Fig. 4.3. Plot of hydroquinone (HQ), catechol (CA), and muconic acid (MA) concentrations (µm) vs. air benzene (AB) (ppm) for all exposed workers in Factories 1 and 2. The plot does not clearly suggest a nonlinear or supra-linear relationship between benzene and these metabolites for AB between 0 and 3 ppm.
Table 4.3 gives the numerical values for the data points in Figures 4.2 and 4.3, showing the mean values of each of the benzene metabolites (and also creatinine (CT), air toluene (AT), and urinary toluene (UT), and the number of person-days of data, N) for each level of air benzene concentration, 0-5, among workers in Factory 1 and Factory 2. The “PH” column in Table 4.3 corresponds to the left plot in Figure 4.2, and the column “UB” corresponds to the right plot.
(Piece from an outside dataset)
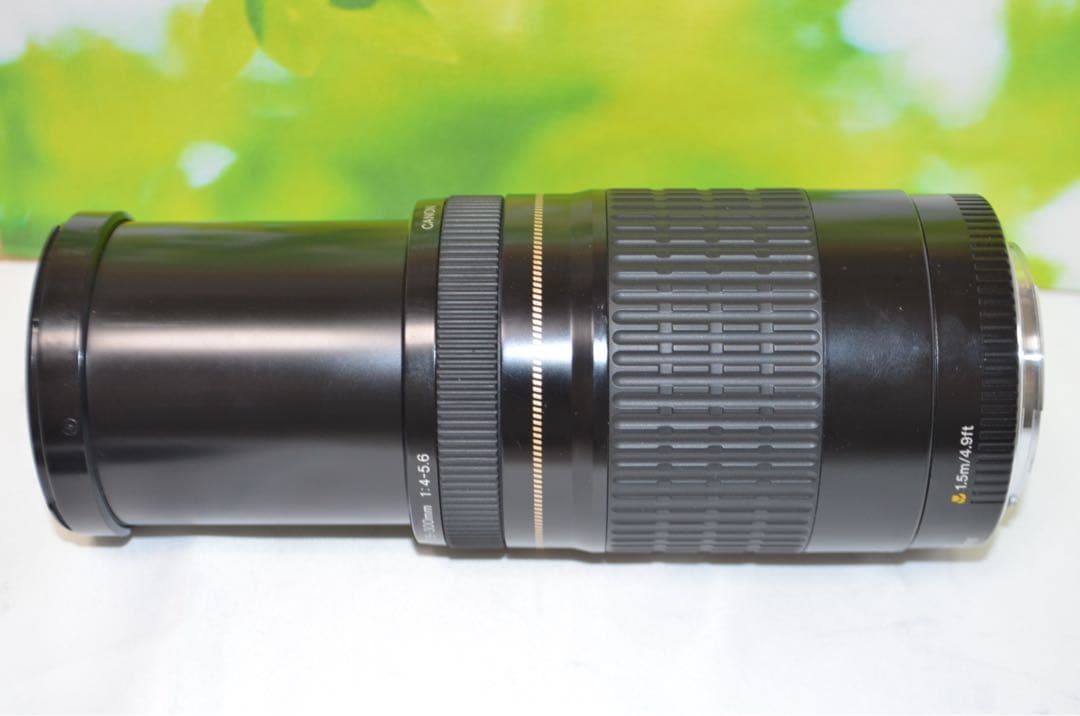 ★美品★300mm超望遠レンズ★CANON EF 75-300mm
Table 4.3. Mean values of each benzene metabolite and creatinine (CT), air toluene (AT), and urinary toluene (UT), and number of person-days of data, N, for each level of air benzene concentration (AB), 0-5, for workers in Factories 1 and 2.
AB rounded to nearest ppm
Since the modeling work of Kim et al. (2006 a and b) specifically addressed non-smoking women, it is natural to wonder whether Figures 4.2 and 4.3 may be obscuring a true nonlinearity in the metabolism of this sub-population by averaging over all exposed workers. Figure 4.4 shows analogous plots specifically for non-smoking women. In this sub-population, there is again no evidence of supra-linear metabolism at low doses.
Fig. 4.4. Plots of phenol (left) and hydroquinone (HQ), catechol (CA), and muconic acid (MA) concentrations (µm) (right) vs. air benzene (AB) (ppm) for non-smoking women in Factories 1 and 2. These plots do not show clear nonlinear or supra-linear relationship between benzene and these metabolites for AB between 0 and 3 ppm.
Since almost all observations at these low concentrations come from Factory 1, focusing on the population of non-smoking women specifically in Factory 1 leaves these plots almost unchanged.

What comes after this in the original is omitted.